Our use case if that helps:
Our backend service is a Git-like revision-controlled resource server, each resource has multiple versions stored in the database and users are able to access all or some of them (through fine-grained authorization, not RBAC, true per resource access-control). The backend service is responsible for calculating the visible set of resources and their contents when serving a request. We would like to be able to use HTTP caching directives to let a proxy server cache responses for more than one user, forming a shared cache and reducing response times even further. The problem is that the server must revalidate whether the user still have access not just to the system but to the resource as well and also must revalidate whether the resource revision is still the one that's the latest version. It is also possible to access versioned and timestamped data which effectively can be cached forever but even then access should be checked. The best possible way of doing this is with the s-maxage=0 or no-cache Cache-Control header value, which would enable the proxy server to cache the content, but when accessing the cached content again due to the expiration revalidation must be performed.
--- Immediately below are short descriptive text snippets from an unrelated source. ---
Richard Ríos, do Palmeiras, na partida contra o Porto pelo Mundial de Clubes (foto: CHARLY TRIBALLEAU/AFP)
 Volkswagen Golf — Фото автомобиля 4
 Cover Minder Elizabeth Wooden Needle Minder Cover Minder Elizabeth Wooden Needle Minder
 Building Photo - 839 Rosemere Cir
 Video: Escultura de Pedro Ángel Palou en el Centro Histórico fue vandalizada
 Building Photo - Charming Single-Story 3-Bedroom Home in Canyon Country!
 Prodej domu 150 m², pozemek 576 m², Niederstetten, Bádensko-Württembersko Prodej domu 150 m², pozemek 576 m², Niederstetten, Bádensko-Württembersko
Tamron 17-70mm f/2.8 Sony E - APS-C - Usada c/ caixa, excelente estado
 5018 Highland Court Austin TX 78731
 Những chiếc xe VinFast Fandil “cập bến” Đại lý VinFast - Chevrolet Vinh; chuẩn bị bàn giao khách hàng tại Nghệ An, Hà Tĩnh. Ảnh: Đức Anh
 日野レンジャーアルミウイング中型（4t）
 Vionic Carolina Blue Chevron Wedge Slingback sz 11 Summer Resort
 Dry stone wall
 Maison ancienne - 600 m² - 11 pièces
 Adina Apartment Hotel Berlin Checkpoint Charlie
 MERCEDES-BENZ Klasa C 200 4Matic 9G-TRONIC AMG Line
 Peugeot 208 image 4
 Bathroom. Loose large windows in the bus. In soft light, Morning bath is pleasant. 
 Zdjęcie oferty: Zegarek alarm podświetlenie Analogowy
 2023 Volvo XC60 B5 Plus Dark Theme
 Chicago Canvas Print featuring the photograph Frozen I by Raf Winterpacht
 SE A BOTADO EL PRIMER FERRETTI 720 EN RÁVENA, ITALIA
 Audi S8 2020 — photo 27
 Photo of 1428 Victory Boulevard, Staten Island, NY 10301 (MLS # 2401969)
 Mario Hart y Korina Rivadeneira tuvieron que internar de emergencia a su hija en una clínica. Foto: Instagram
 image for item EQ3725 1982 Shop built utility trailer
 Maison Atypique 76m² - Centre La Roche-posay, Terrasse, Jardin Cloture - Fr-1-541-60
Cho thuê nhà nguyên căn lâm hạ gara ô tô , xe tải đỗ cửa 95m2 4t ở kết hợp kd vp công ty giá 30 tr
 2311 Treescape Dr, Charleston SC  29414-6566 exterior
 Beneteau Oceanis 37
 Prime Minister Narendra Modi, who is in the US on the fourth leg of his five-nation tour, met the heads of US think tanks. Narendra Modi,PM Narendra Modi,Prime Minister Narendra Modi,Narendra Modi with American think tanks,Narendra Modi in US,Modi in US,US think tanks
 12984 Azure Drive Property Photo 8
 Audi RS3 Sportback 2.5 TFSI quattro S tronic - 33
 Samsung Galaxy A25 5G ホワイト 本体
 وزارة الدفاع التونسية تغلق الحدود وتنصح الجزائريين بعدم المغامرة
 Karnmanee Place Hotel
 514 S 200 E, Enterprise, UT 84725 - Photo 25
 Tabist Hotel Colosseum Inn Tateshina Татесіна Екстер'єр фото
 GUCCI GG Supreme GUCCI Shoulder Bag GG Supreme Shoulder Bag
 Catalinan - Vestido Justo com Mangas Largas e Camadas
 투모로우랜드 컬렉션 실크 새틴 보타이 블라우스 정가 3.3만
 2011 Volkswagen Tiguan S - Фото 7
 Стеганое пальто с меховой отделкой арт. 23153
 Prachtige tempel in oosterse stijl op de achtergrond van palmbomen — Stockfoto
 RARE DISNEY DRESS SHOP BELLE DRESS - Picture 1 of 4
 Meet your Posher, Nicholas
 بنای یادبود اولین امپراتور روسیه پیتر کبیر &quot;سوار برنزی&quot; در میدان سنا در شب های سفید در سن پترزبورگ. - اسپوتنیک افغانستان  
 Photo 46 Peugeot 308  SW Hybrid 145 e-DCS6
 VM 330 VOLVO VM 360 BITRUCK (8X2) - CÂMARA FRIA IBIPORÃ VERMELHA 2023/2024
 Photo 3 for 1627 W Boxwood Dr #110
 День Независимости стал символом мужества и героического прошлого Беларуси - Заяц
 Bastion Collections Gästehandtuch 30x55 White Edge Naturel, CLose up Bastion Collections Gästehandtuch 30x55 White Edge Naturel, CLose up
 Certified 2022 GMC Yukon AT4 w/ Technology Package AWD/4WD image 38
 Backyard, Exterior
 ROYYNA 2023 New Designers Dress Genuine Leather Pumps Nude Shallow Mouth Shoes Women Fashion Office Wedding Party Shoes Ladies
What we were able to achieve is using 1 second expiration with the s-maxage=1, but unfortunately there is no way of telling NGINX to force revalidate in all cases (if there is a config for that please share it with us) so due to the nature of the shared cache users are able to access to the shared content even if they don't have access in our authorization system (which is data leakage and a security issue).
I hope this makes sense.
Any update on this? This feels like a very legitimate problem. I have a server sending the following:
Cache-Control: max-age=0, public, must-revalidate;
And I expected it to cache that response when acting properly according to spec, and revalidate it with the server when it was called again. Any validation that of what's being said here, or a workaround if this problem still hasn't been fixed in the latest version?